Federal Judge Orders Trump Administration to Reinstate DACA

A federal judge in Washington, D.C. appointed by former President George W. Bush has ordered the Trump administration to fully reinstate the Deferred Action for Childhood Arrivals program, including accepting new applications if the ruling stands.

However, U.S. District Judge John Bates, who announced the decision on Friday, said he would stay the ruling until Aug. 23 to allow the government to appeal.

Bates already had ruled in April that the Trump administration should continue DACA, but he stayed that ruling for 90 days to allow the government to provide legal arguments justifying why it believes DACA is unlawful and unconstitutional. Those 90 days have now expired.

The Department of Homeland Security decided in September 2017 to rescind DACA, a move announced at the time by Attorney General Jeff Sessions, who falsely claimed that the Obama administration policy had created a surge of migrant minors to the country’s southern border.

In his ruling, Bates criticized the government’s follow-up, particularly a memorandum submitted by Secretary of Homeland Security Kirstjen Nielsen that argued the administration’s DACA rescission was lawful and not subject to judicial review.

The ruling states:

Although the Nielsen Memo purports to offer further explanation for DHS’s decision to rescind DACA, it fails to elaborate meaningfully on the agency’s primary rationale for its decision: the judgment that the policy was unlawful and unconstitutional. And while the memo offers several additional “policy” grounds for DACA’s rescission, most of these simply repackage legal arguments previously made, and hence are “insufficiently independent from the agency’s evaluation of DACA’s legality” to preclude judicial review or to support the agency’s decision.

Bates went on to tear apart the government’s legal strategy:

By choosing to stand by its September 2017 rescission decision, DHS has placed itself in a dilemma. On the one hand, it cannot rely on the reasons it previously gave for DACA’s rescission, because the Court has already rejected them. On the other, because “an agency’s action must be upheld, if at all, on the basis articulated by the agency itself… DHS also cannot rely on new reasons that it now articulates for the first time. The government’s attempt to thread this needle fails.
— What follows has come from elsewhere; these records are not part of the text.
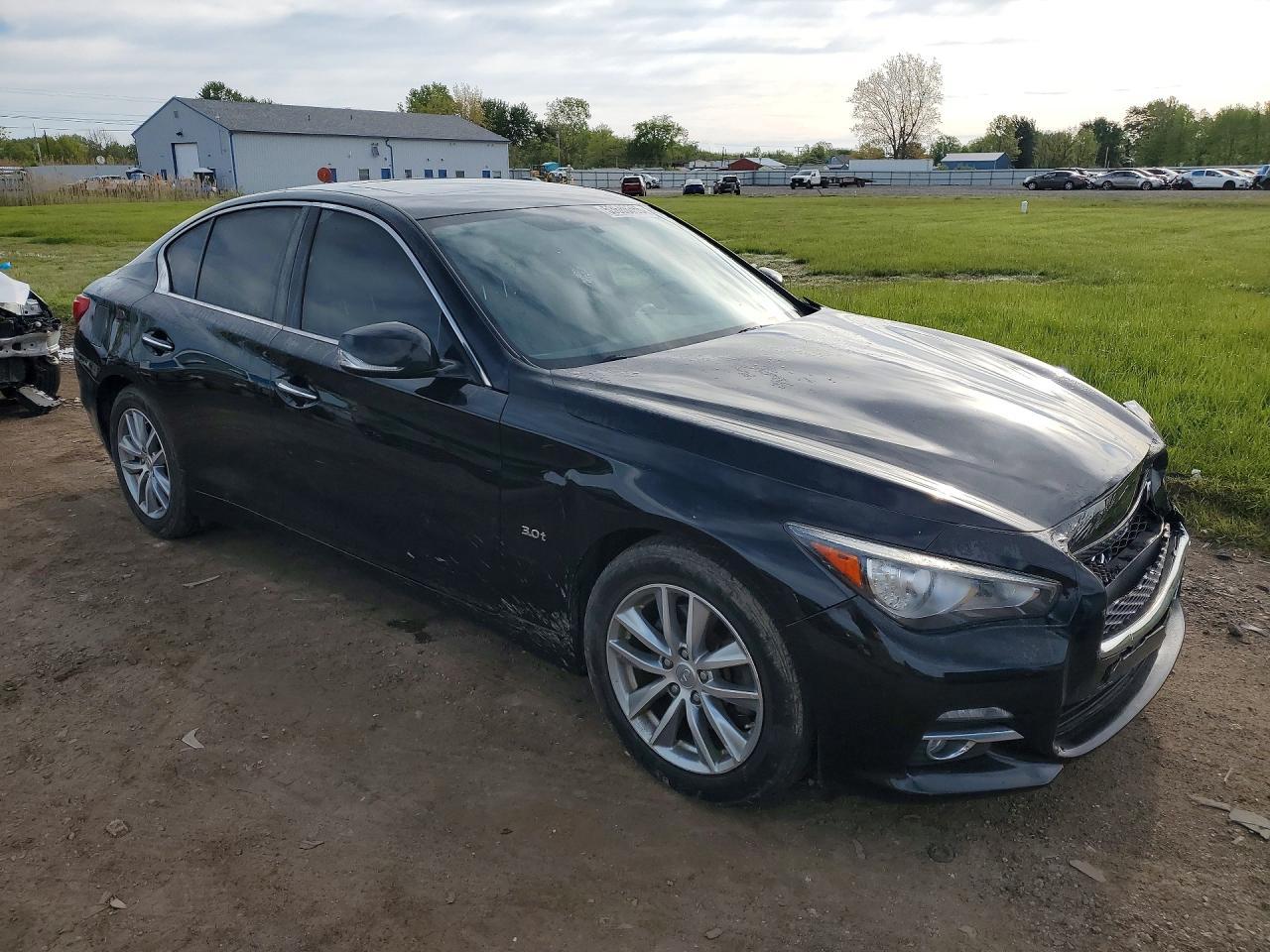 2017 Infiniti Q50 3.0T Premium - Image 4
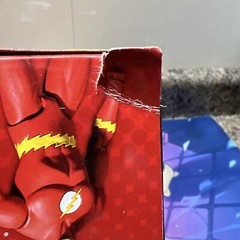 DC Direct Flash & Kid Flash Deluxe Action Figure boxed set w/ treadmill/ring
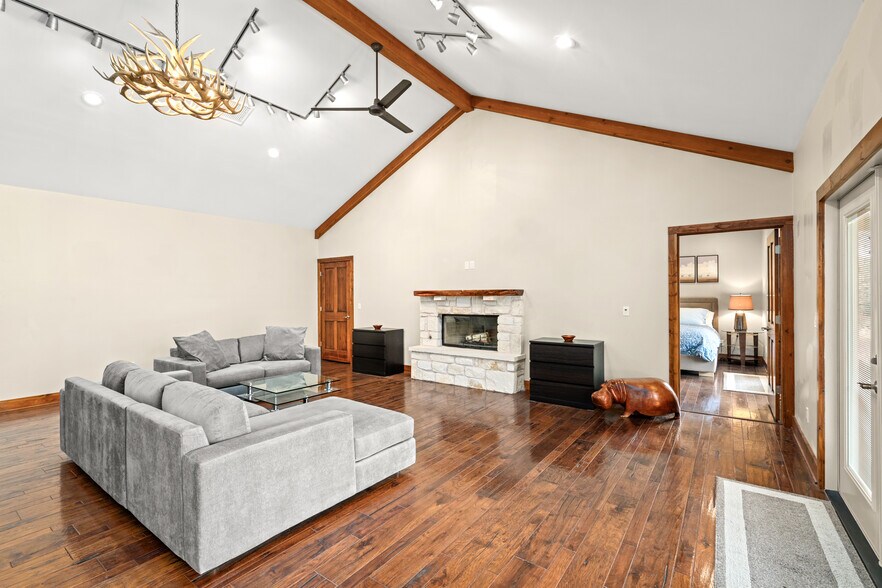 More Photos Of 145 State Loop 92, La Grange Specialty For Sale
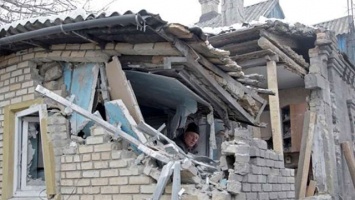 Светлодарская дуга: украинские военные помогли восстановить жилой дом в Мироновском
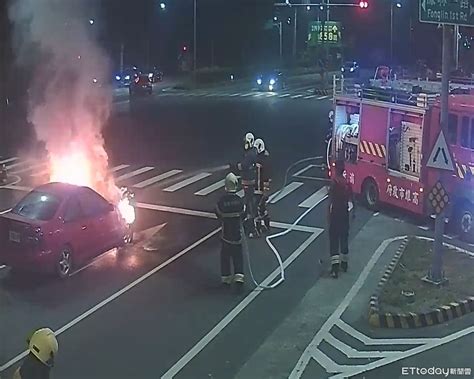 引擎室開炸秒成火球畫面曝！ 女深夜停紅綠燈「火燒車」驚逃命 Ettoday社會新聞 Ettoday新聞雲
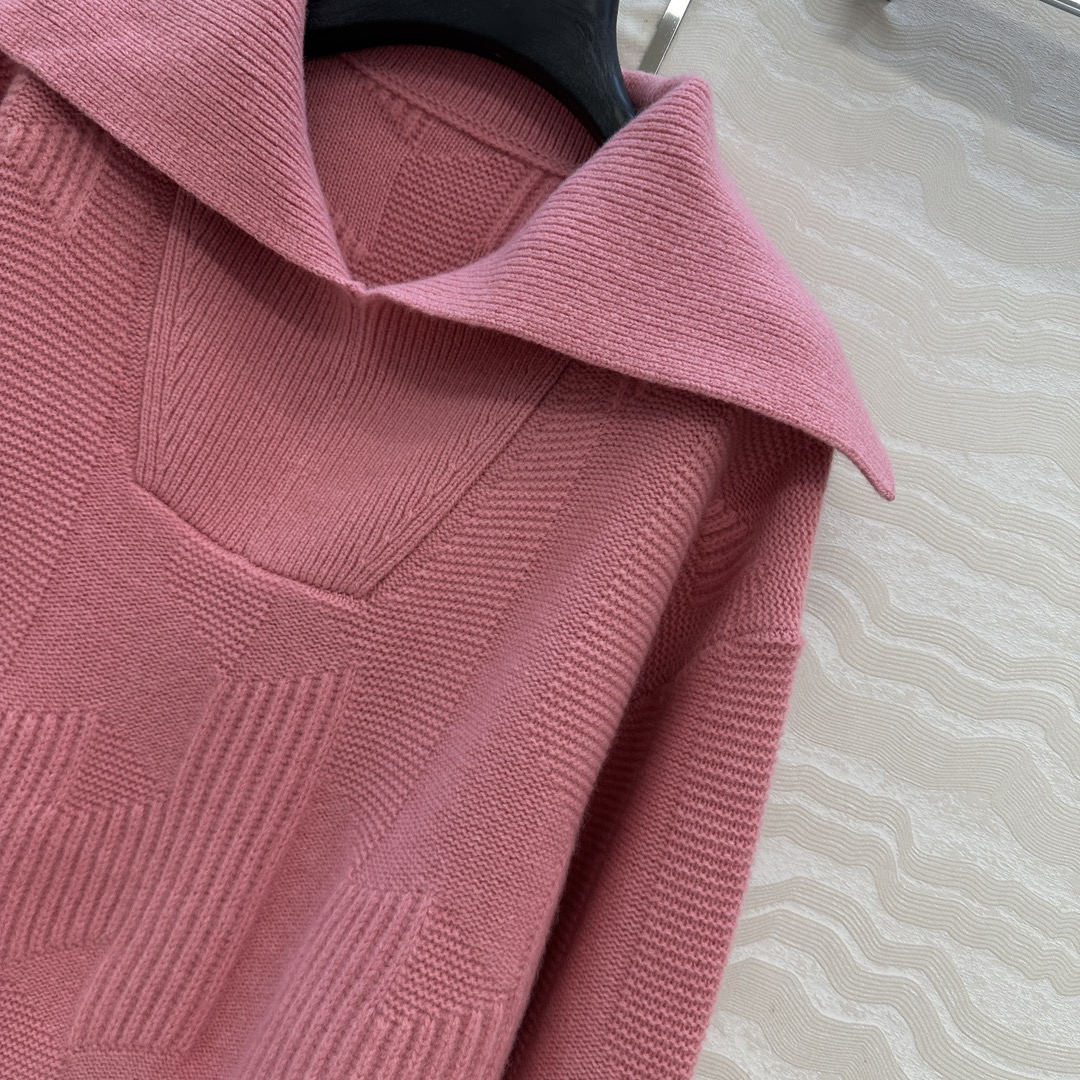 独家首发😏高端原单品质H字母毛衣。减龄大翻领设计极简穿搭设计感时髦又高级！重磅进口100%羊毛品质控必入
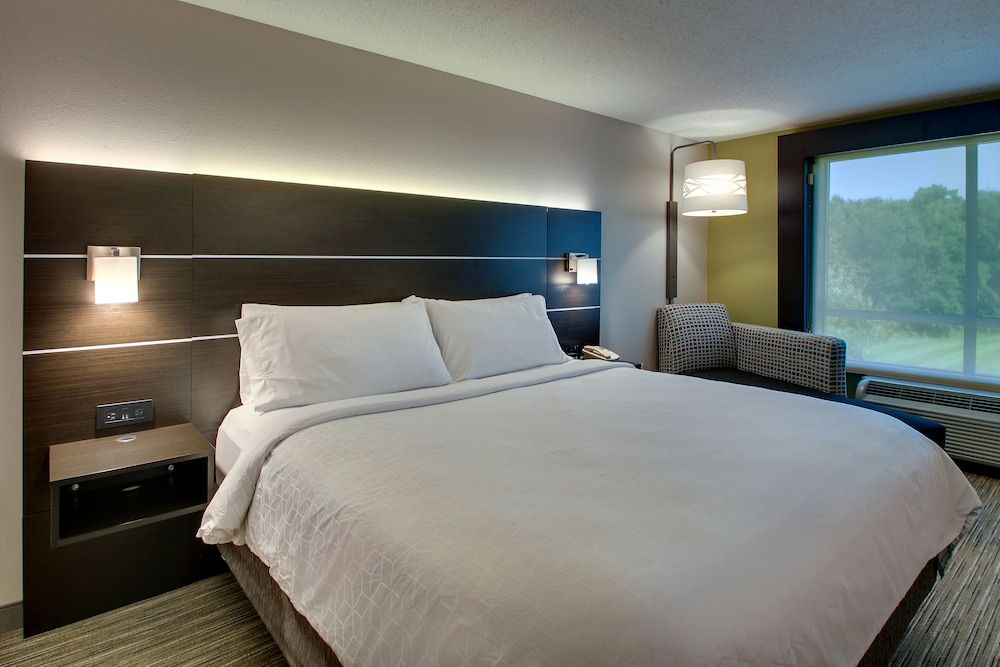 Holiday Inn Express Lexington North-Georgetown by IHG 2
In a Los Angeles Times op-ed following the Trump administration’s latest loss in the courts, editorial writer Scott Martelle noted that if the decision stands, it “would be a significant victory for the rule of law, a ‘yuge’ loss for Trump…and a victory for the 700,000 or so people who currently are enrolled in DACA.”

But as CNN points out, DACA’s legal fate isn’t out of the woods yet. In a separate hearing next week, a federal judge is expected to rule in a case brought by Texas and other states that sued to end DACA. According to CNN, the judge in that case is expected to rule in favor of the plaintiffs, based on his track record.

In a statement following Bates’ ruling, a Justice Department spokesman remained defiant. “The Justice Department will continue to vigorously defend this position, and looks forward to vindicating its position in further litigation,” Justice Department spokesman Devin O’Malley said.